Ketiga, pertanyaan yang diajukan yaitu di mana (where)
yang akan kita teliti. Pertanyaan ini merupakan aspek spasial atau
keruangan yang menjadi ciri dari disiplin ilmu sejarah. Spasial dapat
berupa tempat atau geografis yang akan diteliti. Apakah kita akan
meneliti kota atau desa, atau wilayah yang bersifat administratif
seperti desa, kecamatan, kabupaten, provinsi, dan negara. Kalau kita
meneliti geografis desa, maka harus jelas batasan geografis desa yang
kita teliti.
Keempat, yang diajukan adalah kapan (when).
Maksud dari pertanyaan ini adalah menyangkut aspek batasan waktu atau
periodisasi yang akan dijadikan objek penelitiannya. Salah satu ciri
penting dari ilmu sejarah adalah adanya konteks waktu. Misalnya
perubahan sosial desa 1950-1955. Penetapan angka tahun ini harus
memiliki pertimbangan-pertimbangan yang bersifat akademis, misalnya
karena pada tahun tersebut merupakan awal dari perubahan sampai dengan
tahun menurunnya perubahan-perubahan penting. Perubahan tersebut bisa
dalam konteks sosial, ekonomi, politik, dan konteks lainnya. Kelima, pertanyaan berikutnya yaitu mengapa (why).
Pertanyaan ini lebih bersifat analitis dan mendalam. Dengan contoh tema
penulisan tentang perubahan sosial desa 1950-1955, pertanyaan mengapa
dapat menyangkut mengapa pada tahun tersebut terjadi perubahan sosial?

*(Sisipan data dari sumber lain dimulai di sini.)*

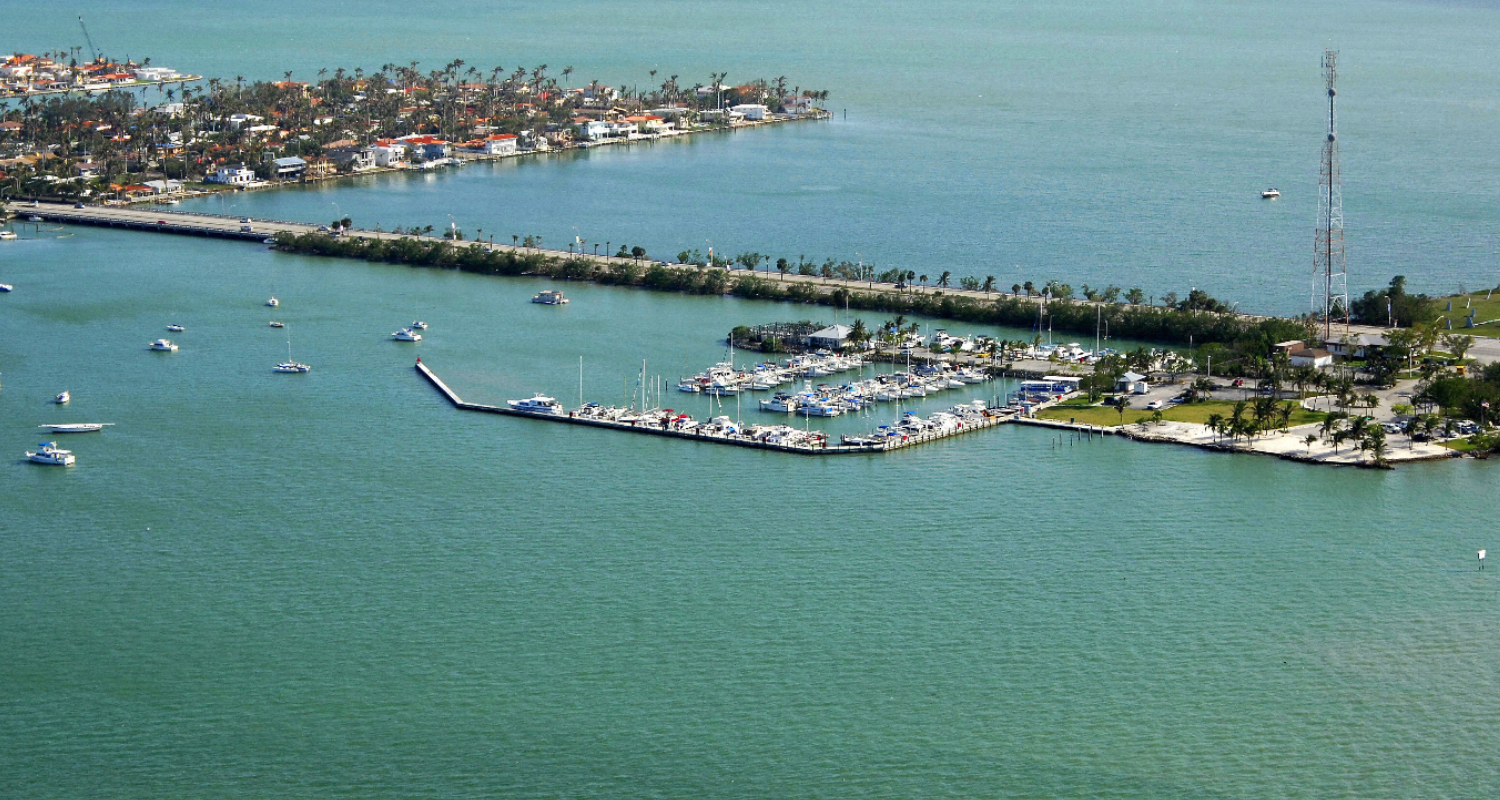 Pelican_Harbor_Marina_Miami_FL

Perubahan sosial ini bisa dilihat dari berbagai ciri, misalkan status
pekerjaan, pemilikan tanah, pendidikan, dan lain-lain. Perubahan pada
status pekerjaan misalnya perubahan dari petani menjadi buruh bangunan,
menjadi buruh perkebunan, menjadi buruh pabrik, dan perubahan ke arah
pekerjaan-pekerjaan lainnya.
Perubahan
pemilikan tanah bisa dilihat, misalnya adanya pemilikan lahan yang
semakin sempit atau pemindahan pemilikan dari penduduk setempat ke orang
lain atau orang di luar desanya. Perubahan sosial dalam pendidikan,
misalnya terjadi peningkatan masyarakat yang terlibat langsung dalam
pendidikan sekolah, jumlah anak yang sekolah baik di tingkat Sekolah
Dasar, Sekolah Menengah, maupun di tingkat Perguruan Tinggi semakin
meningkat.
Berbagai faktor dapat
menjadi penyebab terjadinya perubahan sosial, misalnya akibat
kebijakan-kebijakan politik pemerintah atau bisa saja merupakan akibat
terjadinya perubahan geografis atau iklim. Dari pertanyaan mengapa, dapat dicari jawaban yang lebih mendalam dengan mengajukan pertanyaan bagaimana (How) perubahan itu terjadi. Pertanyaan bagaimana ini, misalnya bagaimana hubungan
kebijakan politik pemerintah terhadap perubahan sosial di pedesaan.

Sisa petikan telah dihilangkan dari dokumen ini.